The Clause allows compensation to be be given without the need to go to the court for an order. But it sanctions that only where no grounds other than those I have mentioned—those in paragraphs (e), (f) and (g) of Section 30(1) of the 1954 Act—are specified in the landlord's notice objecting to the renewal. Let us suppose that, as so often happens, the landlord says, "I have a good ground on reconstruction. I want to reconstruct the premises, but I do not know whether I shall succeed on that. The tenant has not been very good anyway, so let us throw in a few more of the seven grounds in Section 30." So instead of just stating that he wants to pull the premises down and rebuild, he says that the tenant has broken a covenant. This may be just a make-weight in this case, but once he has put it in both parties lose the benefit of the Clause.

What I propose is that if there are other grounds in the landlord's notice refusing renewal than those relating to sub-letting, reconstruction, or the landlord's taking over the premises himself, they shall not exclude the benefits under the Clause if they are invalid grounds Only if those other grounds stated in the notice are valid will the notice force the parties to go to the court.

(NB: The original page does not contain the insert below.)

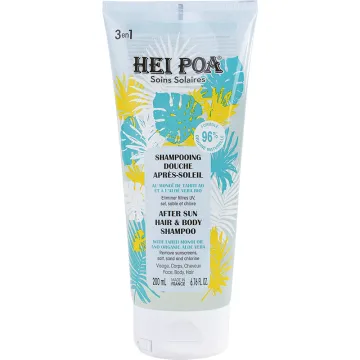 Hei Poa Shampooing Douche Après-Soleil Monoï de Tahiti 200 ml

The Clause is one of those useful Amendments to the 1954 Act. It could be made more useful if we did away with the formalities as much as we can. If, through an abundance of caution, the landlord has included some other terms in the notice, he has precluded himself from agreeing with the tenant to pay compensation without obtaining a court order. I do not think that he can even put things right by withdrawing the application. The latter part of the Clause says that the compensation can be paid if the application is not proceeded with or is withdrawn. But there is a condition that it must be an application based on the landlord's notice, in which no other grounds than paragraphs (e), (f) and (g) are stated.

I am convinced that my proposal will assist the proper working of the Clause.

The Solicitor-General

This Amendment alters the scope of Clause 11, which enables a tenant who is dispossessed on certain statutory grounds to obtain compensation either without making, or after withdrawing, an application to the court. The Amendment was foreshadowed in a debate which we had on this subject in Committee. Clause 11 enables compensation to be paid in these circumstances where the landlord has specified no other ground in his notice than a ground stated in paragraphs (e), (f) or (g) of Section 30(1) of the 1954 Act.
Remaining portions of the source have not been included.